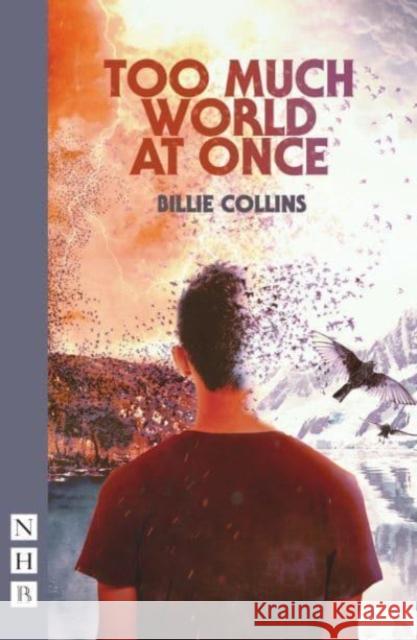 Too Much World at Once Billie Collins 9781839041358 Nick Hern Books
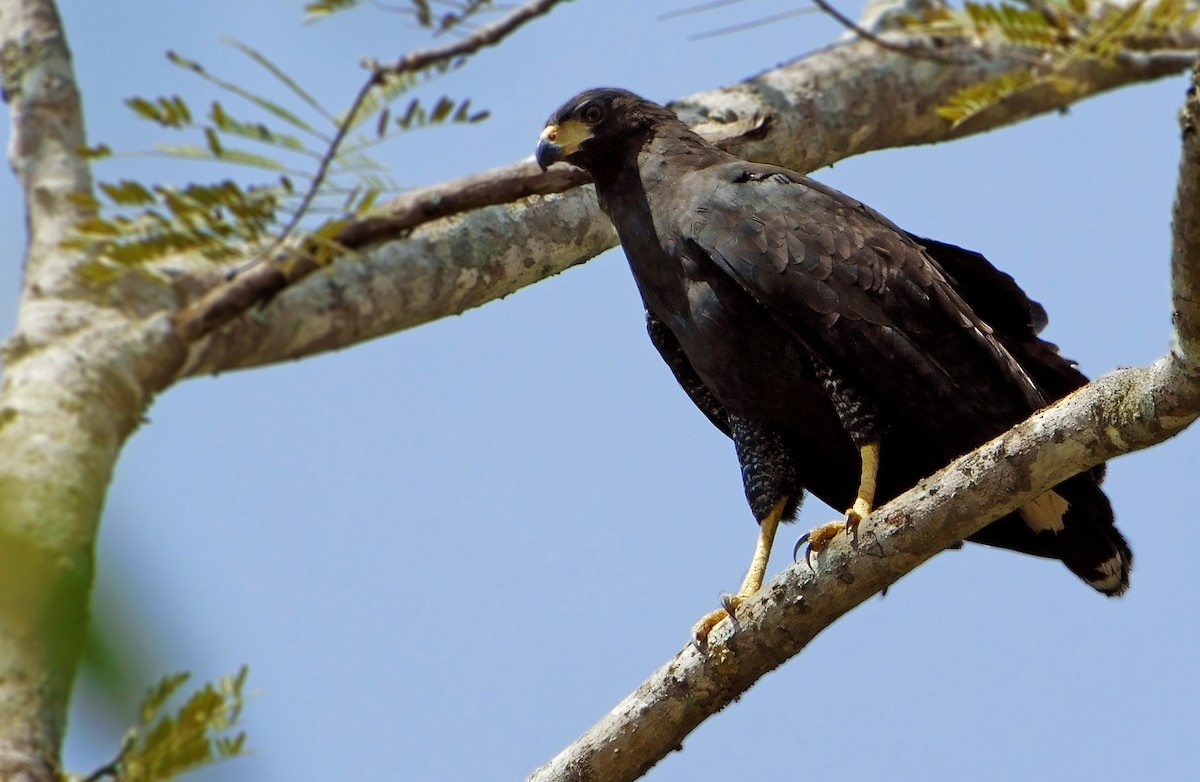 Great Black Hawk - ML120989431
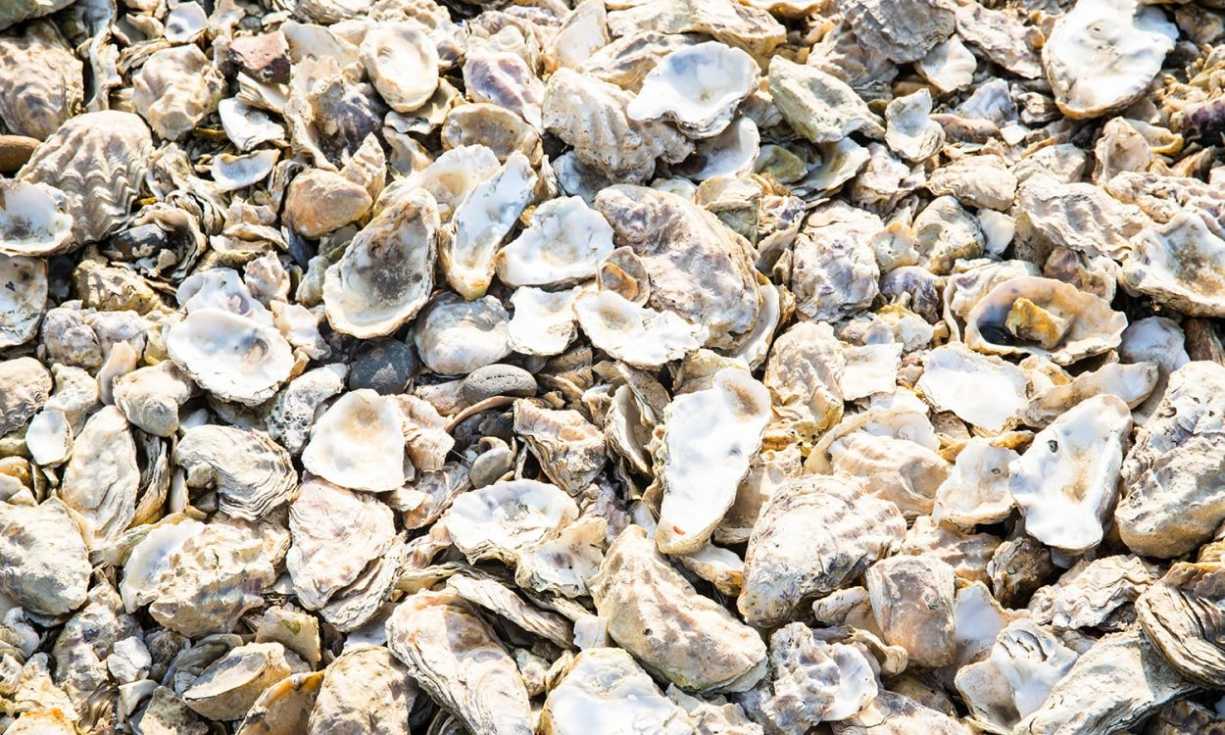Funding from our players will help the Wild Oysters project to recover British native oyster populations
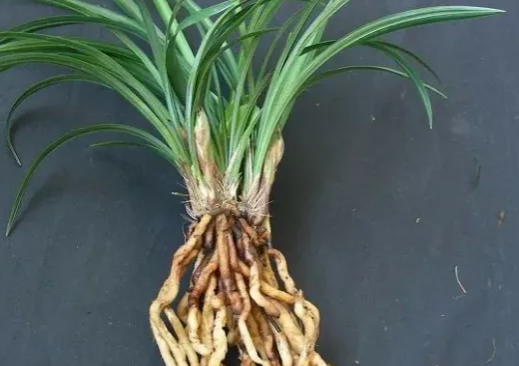 蘭花為什么會空根？家里有的，及時改正！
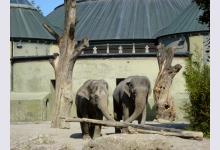Зоопарк Мюнхена «Хеллабрун»: детям вход обязателен!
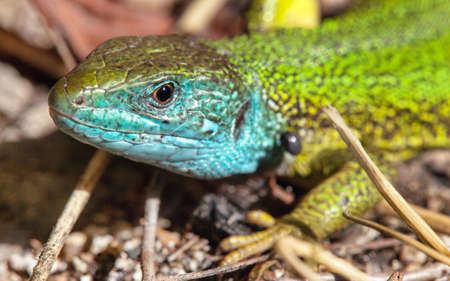 European green lizard in Latin Lacerta viridis detail of Animalの写真素材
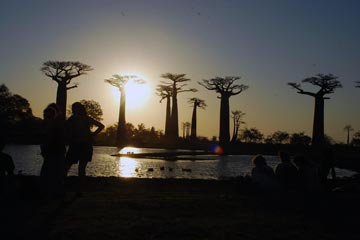 Madagascar : avenue des baobabs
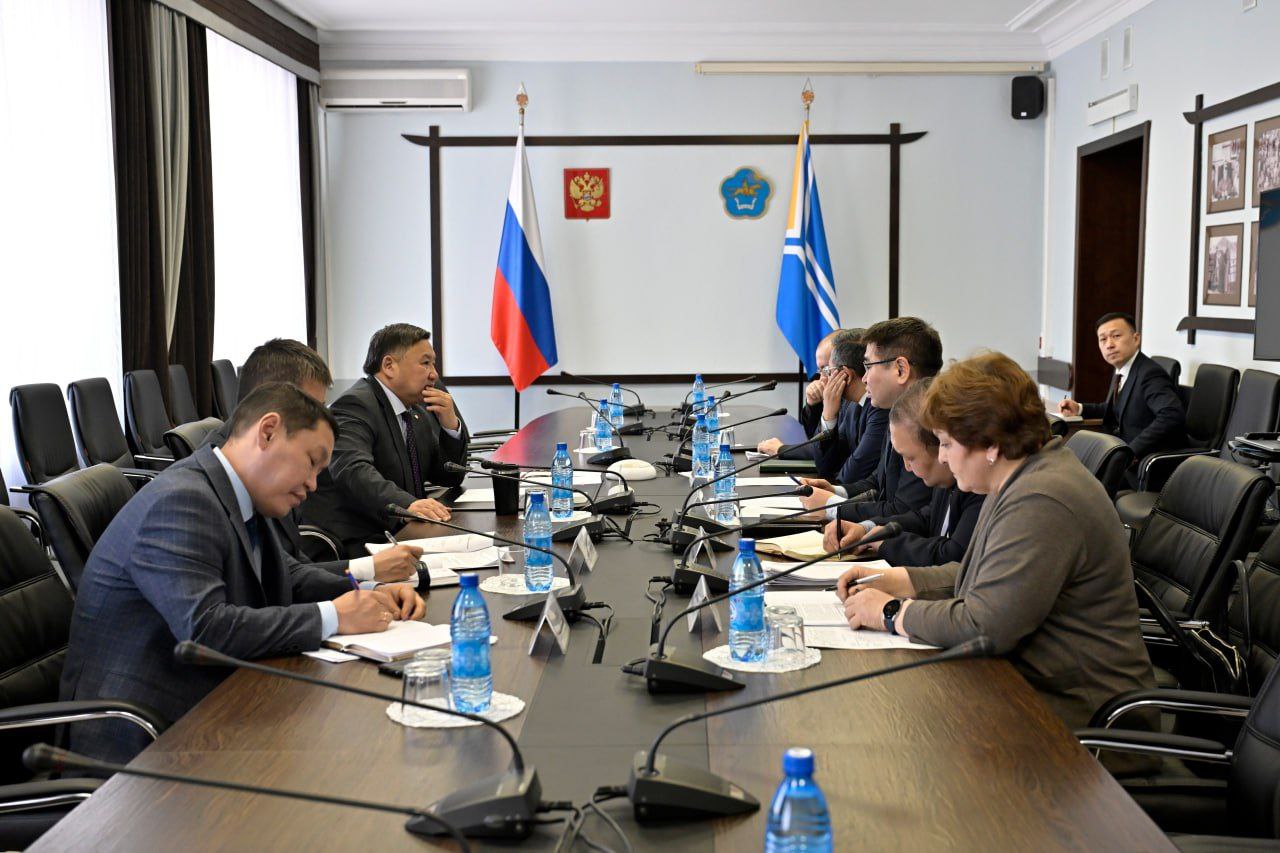 Владислав Ховалыг провёл совещание по энергетическим проектам в Туве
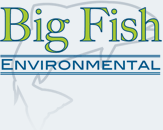 Big Fish Environmental LLC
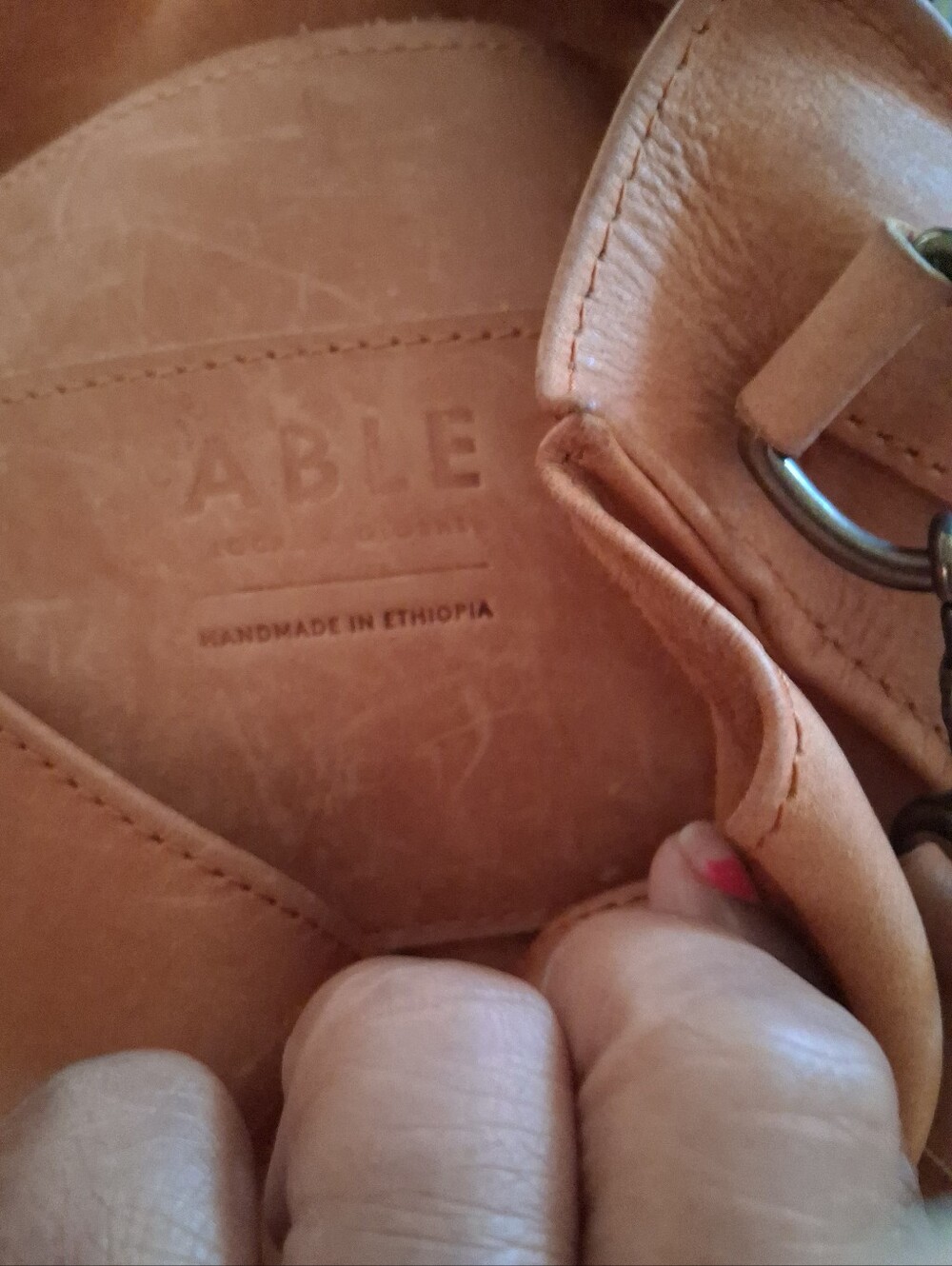 ABLE - Picture 2 of 16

- - - - - - -

Set down, in exact form, only the lines that start at the one containing "детям вход обязателен!" and finish at the last line of the material; pictures do not go in.

Зоопарк Мюнхена «Хеллабрун»: детям вход обязателен!
 European green lizard in Latin Lacerta viridis detail of Animalの写真素材
 Madagascar : avenue des baobabs
 Владислав Ховалыг провёл совещание по энергетическим проектам в Туве
 Big Fish Environmental LLC
 ABLE - Picture 2 of 16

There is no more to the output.